Judah Maccabees ordered a a new altar built for the temple, and declared 8 days of “sacrifice and songs” for its re-dedication. The pigs were out, Yahweh was back in. There was only one problem. Tradition said in re-dedicating the Temple required the temple's  menorah lamps to burn every night, all night, during the celebration. But there was only enough oil for one night. What to do?

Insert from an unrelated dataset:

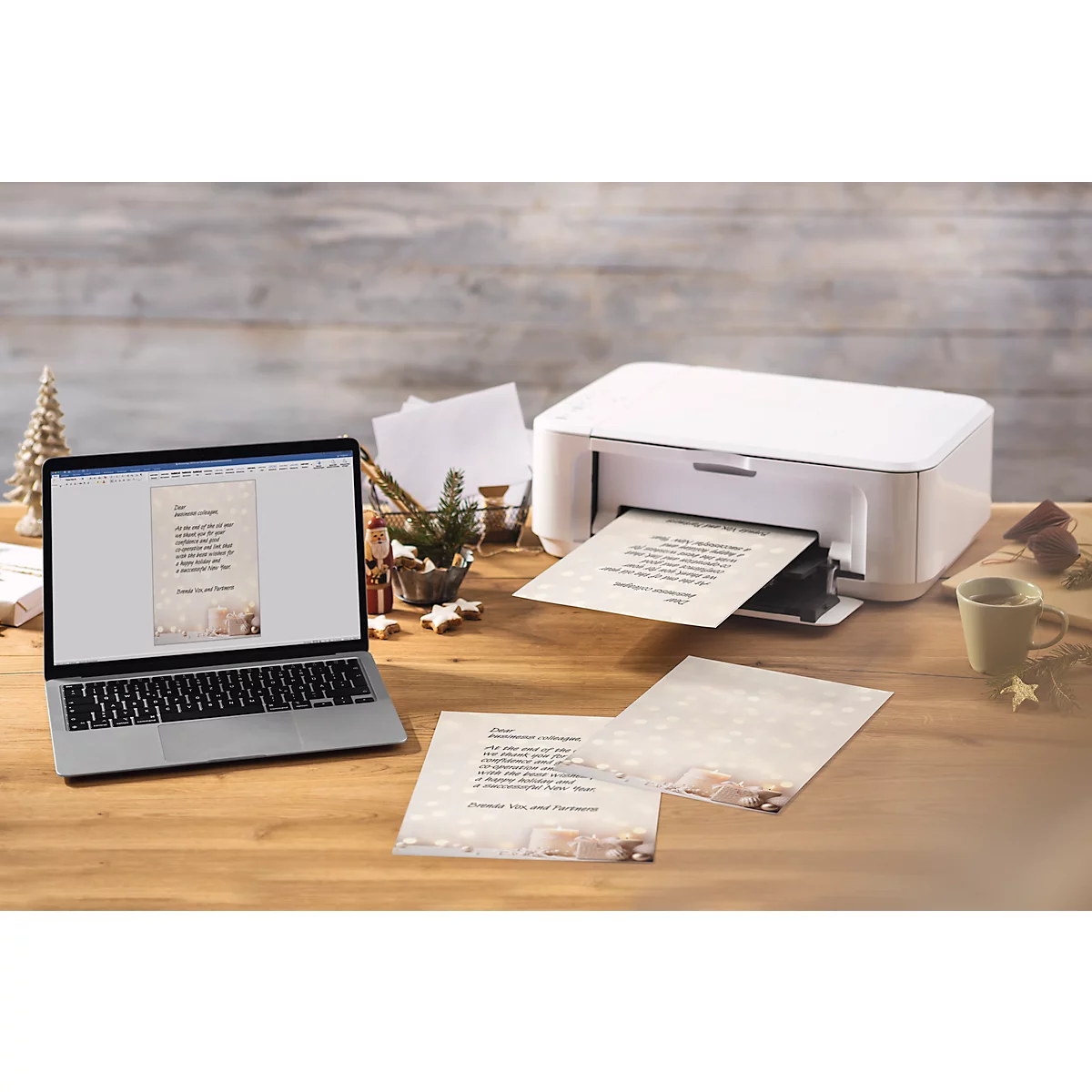 Een laptop en een printer printen kerstkaarten op een houten tafel. Decoraties zoals sterren en een kerstboom zijn op de achtergrond te zien.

Now if it was me, I would have ordered the nine lamps on the menorah to be publicly lit at sundown each night, as usual. And then a half hour after sundown,  after the faithful had gone home to bed, the priests would quietly extinguish the lamps. This way, instead of burning through all the oil in one eight hour winter's night, the lamps would burn for a about an hour each night, for eight nights. And I think that maybe that was what the Hammer did. But then, I am a non-believer. And priest are in the business of believing, even in miracles. And the truth is, miracles don't happen without a little help from somebody. Who that help comes from depends on who and what you believe in. Anyway....
It was the first Hanukkah, the first festival of the lights. Two thousand years later it is not a very important Jewish holiday, and about the only one in which women play a leading role. Each of the eight nights a woman first lights the “shamash”, the central candle or lamp, used to illuminate the entire ritual. On each successive night , the shamash is then used to light one candle more each nigh until all are burning. In each Jewish home they are displayed in a window or an exterior door, “to illuminate the house outside” the home. And as they do so, the women recite the Hanukkah prayer.
“We light these lights for the miracles and the wonders, for the redemption and the battles that you made for our forefathers, in those days at this season, through your holy priests. During all eight days of Hanukkah these lights are sacred, and we are not permitted to make ordinary use of them except for to look at them in order to express thanks and praise to Your great Name for Your miracles, Your wonders and Your salivations.”
Lysias defeated and killed Philip in 163 B.C.. But in 162 B.C. Lysias was defeated by Demetrius I, who had been Antiochus IV's older brother and Antiochus V's uncle. Being the older brother, Demetrius was supposed to have been made King first. But when their father died, Demetrius was being held as the official hostage in Rome. So it turned out Antiochus IV had been a usurper, which made his defeat in 162 B.C.,  payback. Demetrius executed both Lysias, and the boy king Antiochus V. Demetrius then tried to reconquer the Jews, but the Fighting Maccabees  held him off for ten years, until Demetrius was killed by a new usurper in 150 B.C. It was the end of Slecuid empire.
The next empire to come marching down the coast road of Judea would be the Romans. And they and the Jews would have their own problems, strongly reminiscent of the ones the Jews and Slecuid's had shared. They say some people never learn. But I think, most people never learn, certainly not in the middle east.